Here’s another of my, ‘It’s my life columns’ in the Examiner’s feelgood. This one stars yer man.
As a family, I think we’ve been resilient to date, surviving decades of arguments and evolution.
The older children survived the arrival of siblings, who changed yer man and myself from parents who gush, “I love you sweetheart,” into ones who shout, “go watch the television and give me five minutes’ peace.”
The younger children survived the trauma of watching fun-loving, older siblings, morph into teenagers who rarely left their bedroom caves and spoke only to remind us that we are hated.
Through it all yer man and myself clung to parenting life by our fingernails, endeavouring to remember which child might be prone to murderous attacks and which still likes us.
Yer man has been preparing for this emergency for years.
“Must you spend so long in the shower?”
“Why are you running all that water to clean a few dishes?”
Recently I’ve taken to wondering if re-incarnation was a possibility?

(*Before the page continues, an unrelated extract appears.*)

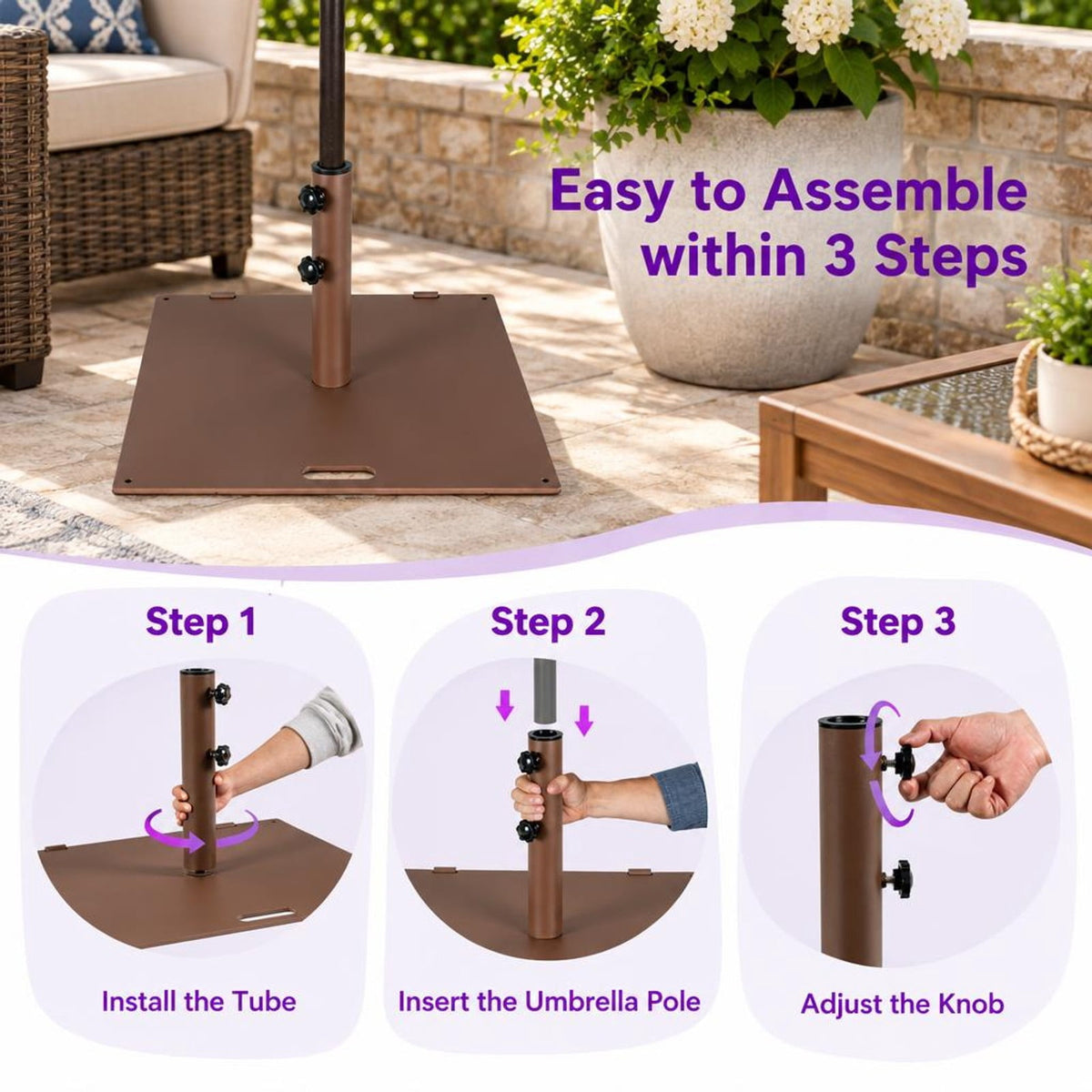 Airfind 50 LBS Weighted 24 Inch Square Patio Umbrella Base, Steel PP Frame, 24 x 24 x 14 (L x W x H) Suitable Footprint, Brown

Was there a chance, once upon a time, he lived in the desert? Is there a part of him which has always feared one day the wells and reservoirs of Cork city would run dry?

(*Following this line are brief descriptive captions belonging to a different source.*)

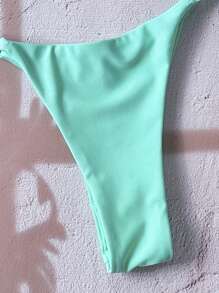 Swim Chiccia Bộ bikini dây kim loại hở lưng màu trơn gợi cảm cho nữ mùa hè - màu xanh lá - Xem 6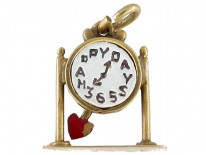 Art Deco Gold Clock Charm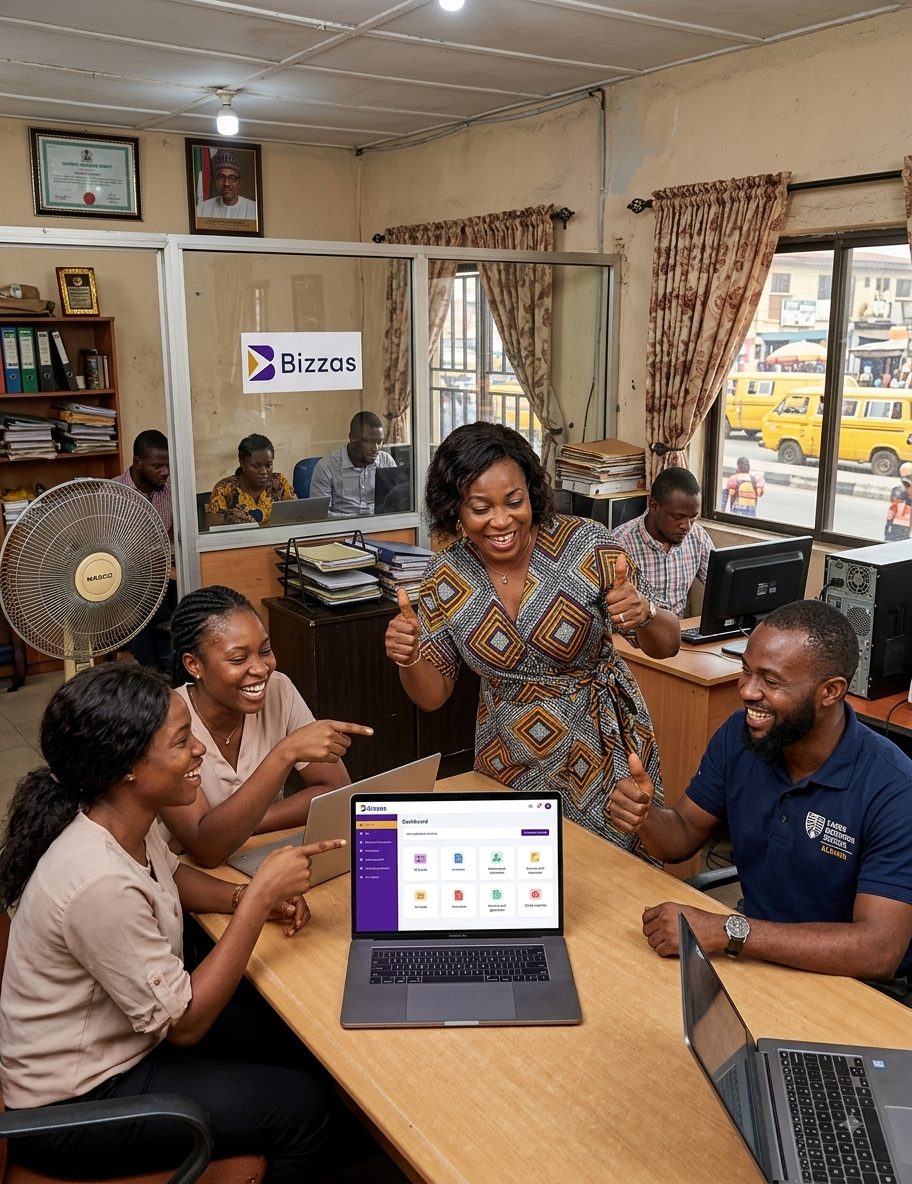 A Nigerian office team celebrating around a laptop running the Bizzas dashboard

Unfortunately, if re-incarnation is a thing, it’s safe to say my children and I never lived a life without water. Thus, we are struggling somewhat with water rationing, each of us in our own way.
I’ve watched my flowers wilt and felt a pang of guilt filling the kettle for way too numerous cups of tea. My children have cut back on the length of their shower, or so they tell us.
However, it was none of the above which led to our most recent exhausting argument. It was in fact the dishwasher!
We were driving from Cork to Killarney, yer man, myself and two of our children. Yes, four of us, in close proximity, in a roasting hot car. The fact yer man’s window was jammed shut only added to the fun.
For some insane reason, someone decided it would be a good idea to raise the topic of conserving water. Over several miles an argument ensued over who among us was and wasn’t making a reasonable effort to save Cork city.
There was a collective groan in the car. To be honest, if there was a chance I’d have escaped serious injury, I’d have opened the car door to eject myself, as this was a pet argument between these two which had been going on for months.
“That wash takes two hours,” said yer man.
“Yes, and uses less water and energy than any other setting,” countered our son, as the rest of us looked out the windows envying the cows in the fields.
“Are You Listening? My wash takes thirty minutes.”
“Yes, but it uses more water and energy.”
“How? Yours takes two hours!”
And so it went, on and on and on. Our son used science to back his argument, to which yer man countered every time with,
“But it takes two hours!”
Finally, just before we lost the will to live I intervened with a Google post backing the scientist. Yer man did a lot of muttering but the argument appeared to have ended.
Later that evening I heard the dishwasher starting up in the utility room. Minutes later yer man emerged.
“Aw, did it kill you to put it on the eco wash?” I said, feeling a little sorry he’d finally lost the argument.
“You must be joking. It actually says it takes three hours, not two!